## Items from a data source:
Start of Block

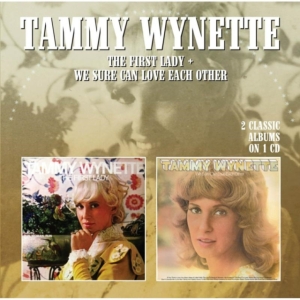 Wynette Tammy - First Lady / We Sure Can Love Each in der Gruppe CD bei Bengans Skivbutik AB (2258588)
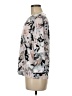 Calvin Klein Gray 3/4 Sleeve Blouse Size M - photo 5
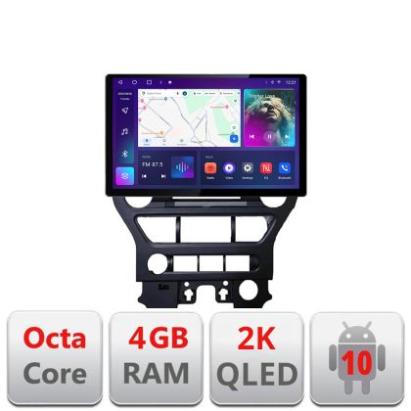 Navigatie dedicata Ford Mustang 2015-2020 N-MUSTANG Edonav ecran 13" 2K 8 si 128 Android Waze USB Navigatie 4G 360 Toslink Youtube CarStore Technology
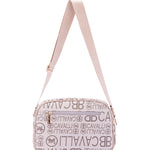 Borsa a tracolla da donna Ecopelle BC1376-ALBICOCCA B Cavalli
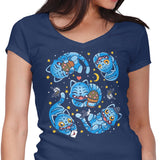 Chinese Tiger - Women's V-Neck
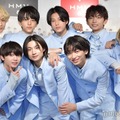 ICEx／（前列左から）山本龍人、志賀李玖、筒井俊旭、千田波空斗（後列左から）中村旺太郎、八神遼介、阿久根温世、竹野世梛（C）モデルプレス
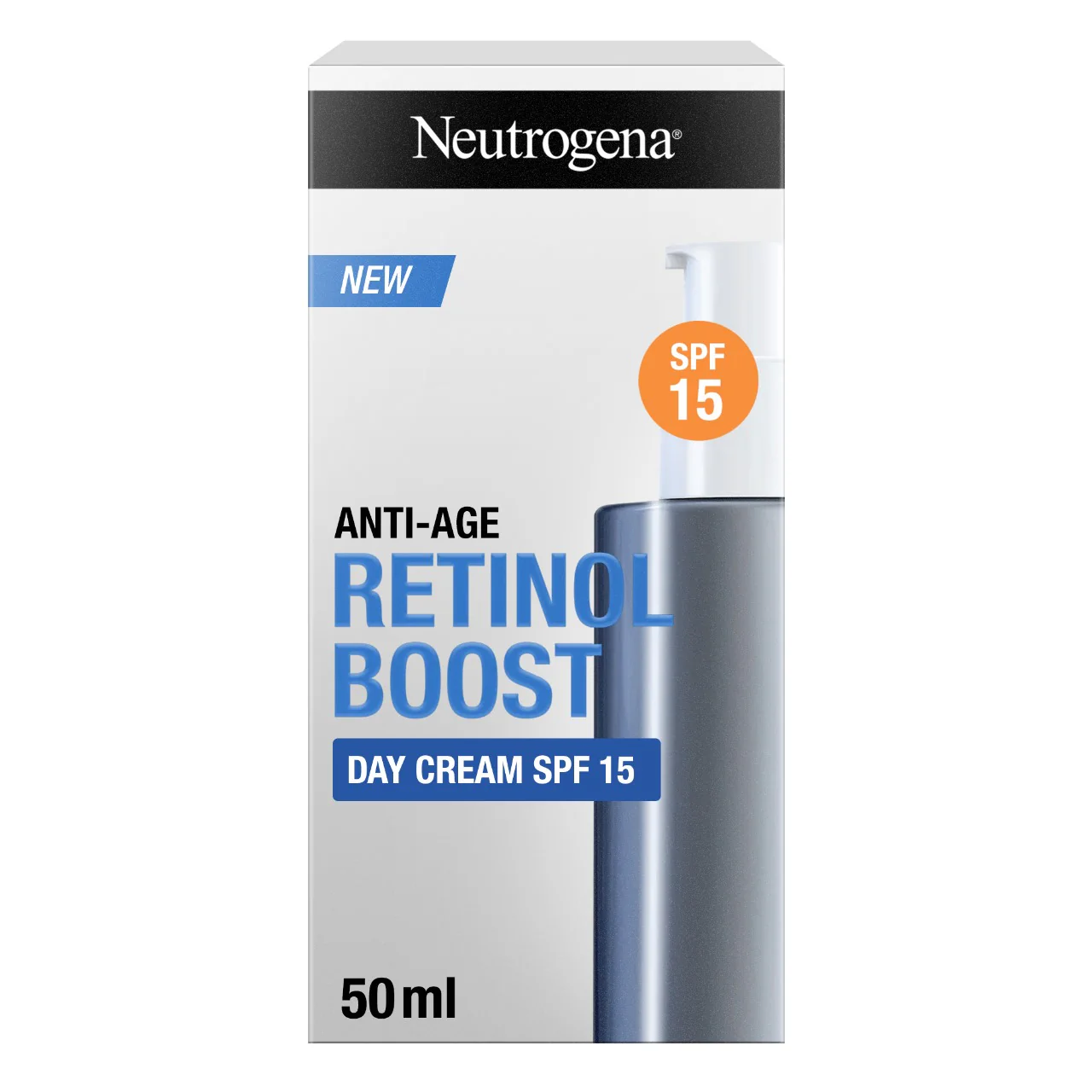 Neutrogena RetinolBoost Day SPF15 50Ml Cream Neutrogena RetinolBoost Day SPF15 50Ml Cream price in Pakistan
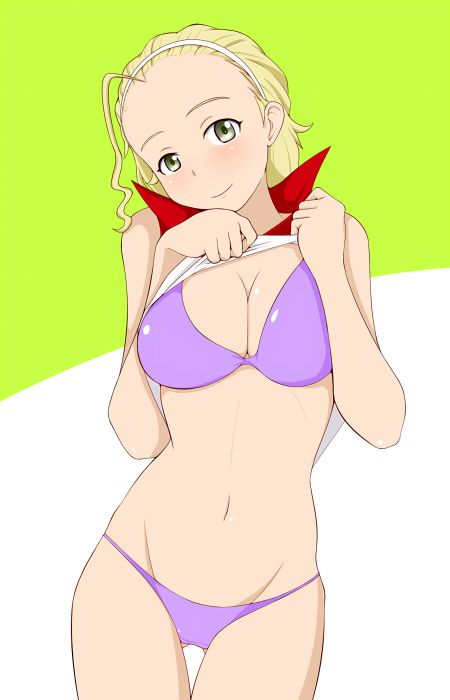 オカズにできそうなガールズ&パンツァーの二次エロ画像はいかがですか？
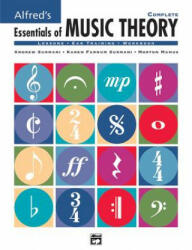 Alfred's Essentials of Music Theory - Andrew Surmani, Karen Farnum Surmani, Morton Manus (ISBN: 9780882848976)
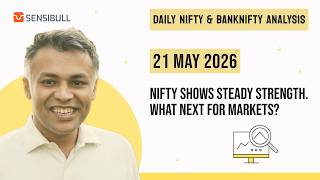 NIFTY & BANK NIFTY Analysis for Tomorrow | Stock Market Outlook | 21 May 2026, Thursday
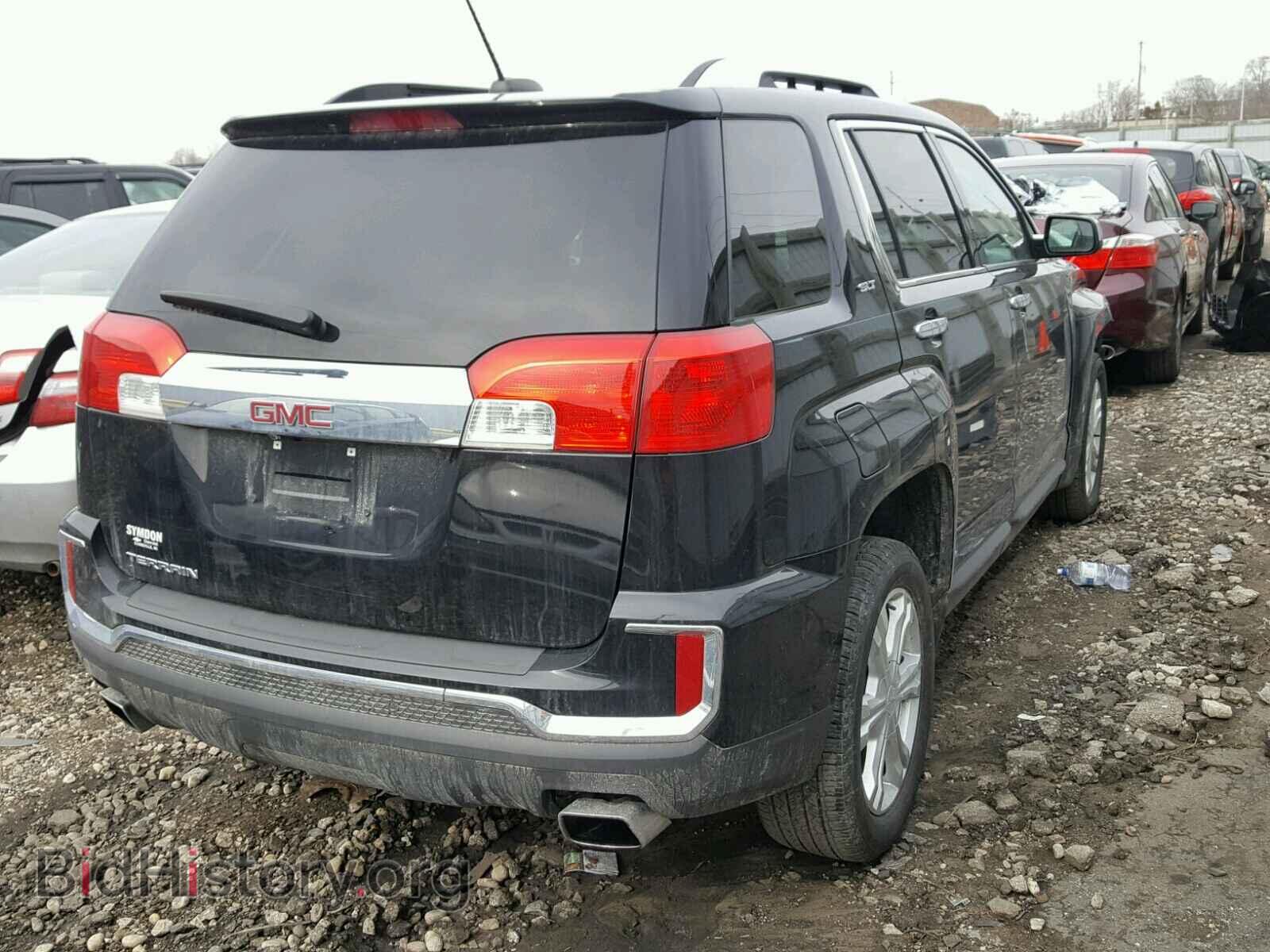 2016 GMC TERRAIN - VIN: 2GKFLPE31G6203384 - Фото 4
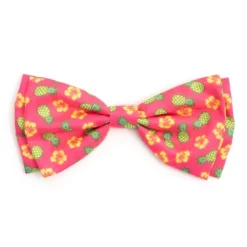 The Worthy Dog Pineapples Bow Tie Accessory -The Worthy Dog Shop GUEST 617c0de4 fa3c 42b3 a6fc e6db4f22e049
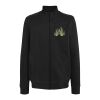 BS334 BlackSpider Felpa zip lunga felpata con tasche 70% cotone, 30% poliestere 280g Thumbnail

End of Block

## Exercise aim:
Above are some records; extract exactly the lines from the one containing "Navigatie dedicata Ford" through the one containing "ICEx／（前列左から）山本" and drop the pictures.

## Response area:
 Navigatie dedicata Ford Mustang 2015-2020 N-MUSTANG Edonav ecran 13" 2K 8 si 128 Android Waze USB Navigatie 4G 360 Toslink Youtube CarStore Technology
 Borsa a tracolla da donna Ecopelle BC1376-ALBICOCCA B Cavalli
 Chinese Tiger - Women's V-Neck
 ICEx／（前列左から）山本龍人、志賀李玖、筒井俊旭、千田波空斗（後列左から）中村旺太郎、八神遼介、阿久根温世、竹野世梛（C）モデルプレス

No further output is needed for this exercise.